In dem Roman „Die Wagemutige“ geht es um Lisa Fittko, die schon bei Machtergreifung der Nazis 1933 in den Widerstand geht und damit in der Illegalität lebt. Die Handlung setzt ein in dem Internierungslager Gurs in Frankreich, in das Lisa 1940 wie alle deutschen Frauen muss, nachdem die Deutschen in Frankreich einmarschiert sind. Als sie von dort fliehen kann und nach Marseille kommt, ist sie eine der vielen Flüchtlinge, die sich von dort die Rettung vor den Nazis über das Meer nach Amerika erhoffen. Ihre Lage spitzt sich dramatisch zu, als der noch nicht besetzte südliche Teil Frankreichs mit den Deutschen ein Abkommen eingeht, die deutschen Flüchtlinge an die Nazis auszuliefern. Daraufhin macht Lisa sich auf die Suche nach einem Schlupfloch aus der Mausefalle für sich und ihre Familie, aber zunächst einmal auch für viele andere, die auf Flucht vor den Nazis sind, Schriftsteller, Intellektuelle, Politiker, Andersdenkende, Juden …
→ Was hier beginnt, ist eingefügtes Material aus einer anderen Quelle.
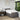 Pat box spring cu saltea, gri taupe, 80x200 cm, textil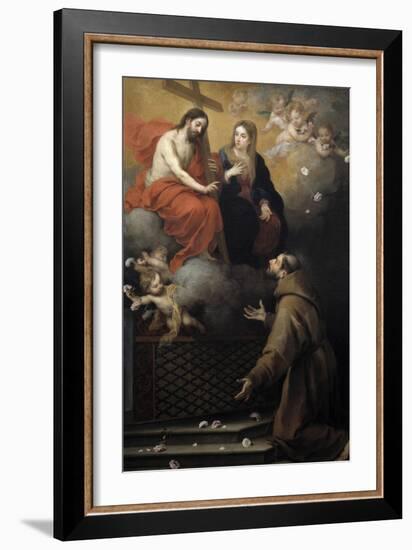 Visión De San Francisco En La Porciúncula, 1667-Bartolome Esteban Murillo-Framed Giclee Print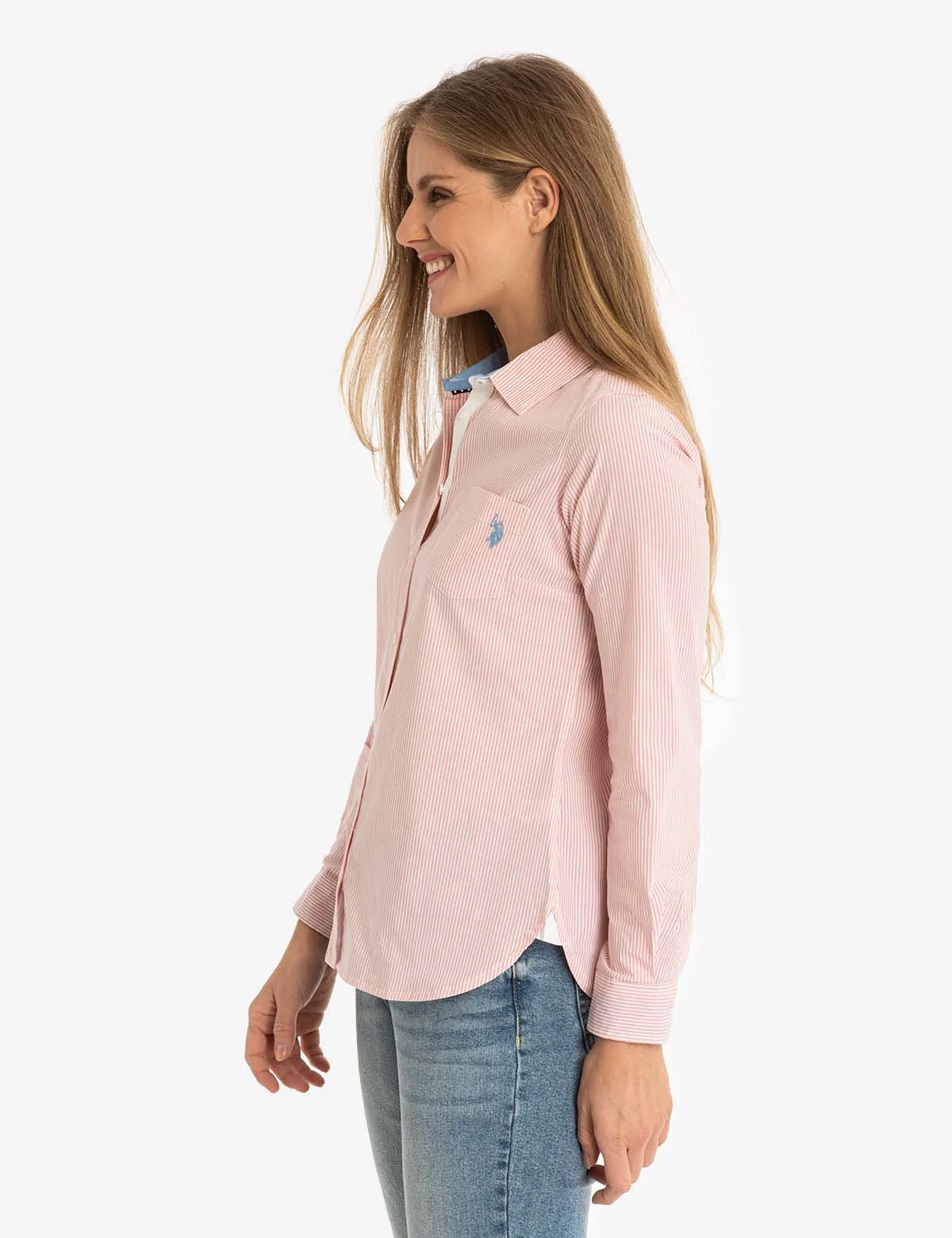STRIPED POPLIN LONG SLEEVE SHIRT - Image 14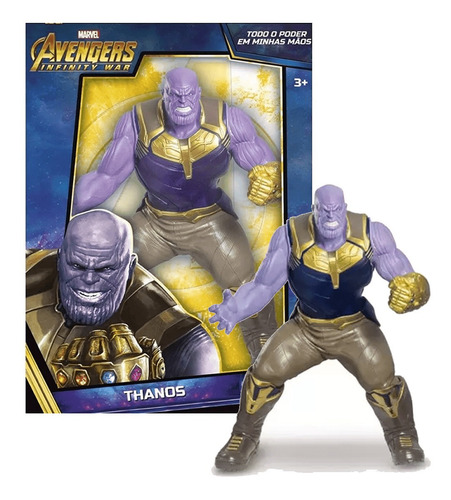 Imagem 4 de 5 de Boneco Gigante Thanos Vingadores Guerra Infinita Mimo Toys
Der erste Teil im Lager Gurs und auf der Flucht lies sich so, wie die Protagonisten sich fühlen: wie ein absurdes Theaterstück. Das Leben der Betroffenen lässt sich weder mit dem Verstand noch emotional wirklich fassen und begreifen. Fassungslos liest der Leser, in welcher Situation sich diese vielen Frauen, die glaubten, in Frankreich vor den Nazis sicher zu sein, und nun von den Franzosen als Deutsche unter widrigsten Uimständen interniert werden, befinden. Ein schwer ertäglich zu lesender Einstieg.
Spannung und Dramatik nehmen zu, als Lisa sich aufmacht, Fluchtrouten aus Frankreich zu erkunden. Dies zieht den Leser in einen Sog, sie und den ihr Anvertrauten auf ihren verwegenen Pfaden atemlos zu folgen, wo sie nicht nur durch Gendarmerie, sondern auch durch feindlich gesinnte Zivilisten und durch die Tücken der Natur immer wieder in Gefahren geraten.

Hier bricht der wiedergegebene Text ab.